Looking for guidence on how i should be uploading these files correctly so that it completes with all files in there correct place.
For references the total folder size is 400+MB with about 200+ individual files ranging from bytes/kbs all the way to 1, 5, 10, or even 50MB for some videos and pictures. Hence the need for proper Multipart Uploading.
Outside of that, looking for any insight as to what might have changed on CF's and how they are handling html files stored and served from R2?
24 Replies
Did you get this working? I saw you asked some questions in #r2
rclone is indeed a really helpful and useful tool that should just work, shouldn't even need to mess with its settings for simple transfers
For references the total folder size is 400+MB with about 200+ individual files ranging from bytes/kbs all the way to 1, 5, 10, or even 50MB for some videos and pictures. Hence the need for proper Multipart Uploading.You don't even need to use multipart up to 5 GiB, although some tools will ahead of that limit for performance and stopping entire reuploads.

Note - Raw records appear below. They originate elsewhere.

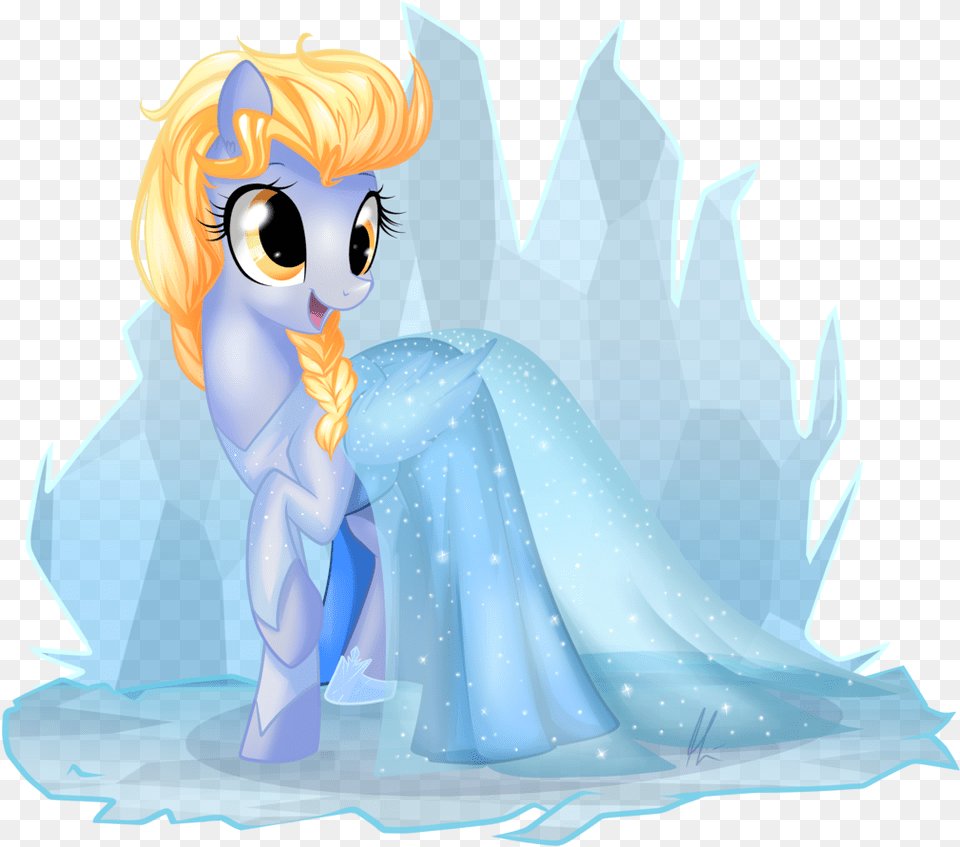 Pony Drawing Frozen Elsa, Ice, Nature, Outdoors, Book Free Transparent Png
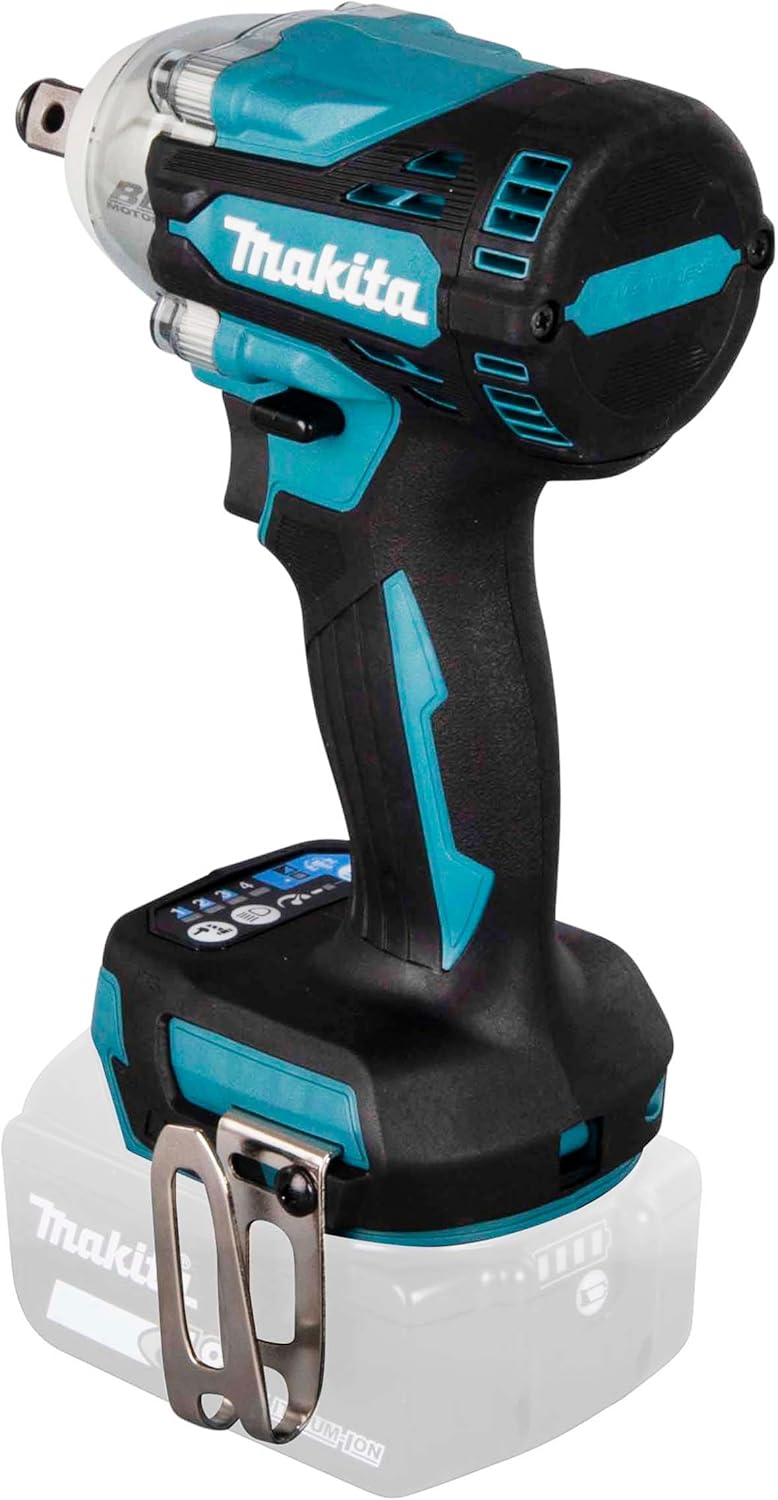 Makita 18V DTW300Z Brushless Cordless Impact Wrench – Tool Only + Makpac Type 2 Case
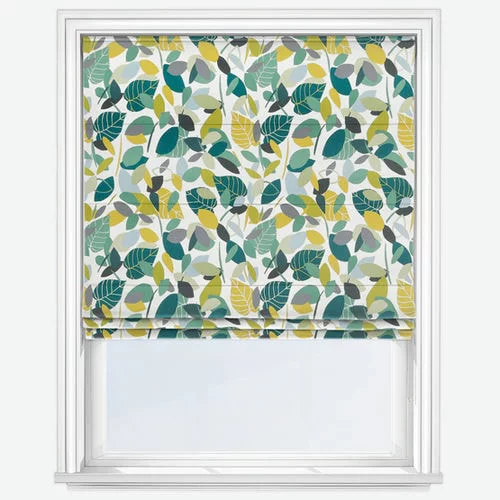 Brenna Spruce Roman Blind | Online Blindz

Outside of that, looking for any insight as to what might have changed on CF's and how they are handling html files stored and served from R2?Nothing recently
Hey, so far I haven't been able to get things working. Or at least working in a way like they were before with R2. I got all the rsync commands going but like you said there probably wasn't a need for that. I've resorted to using Linodes S3 obj storage for now as that seems to work with the same folders and same rsync upload cmd (plus needing to set files to public read). But for now I can't get those files to render and get 404 or 400's for select files in the folder structure when loading the index.html file.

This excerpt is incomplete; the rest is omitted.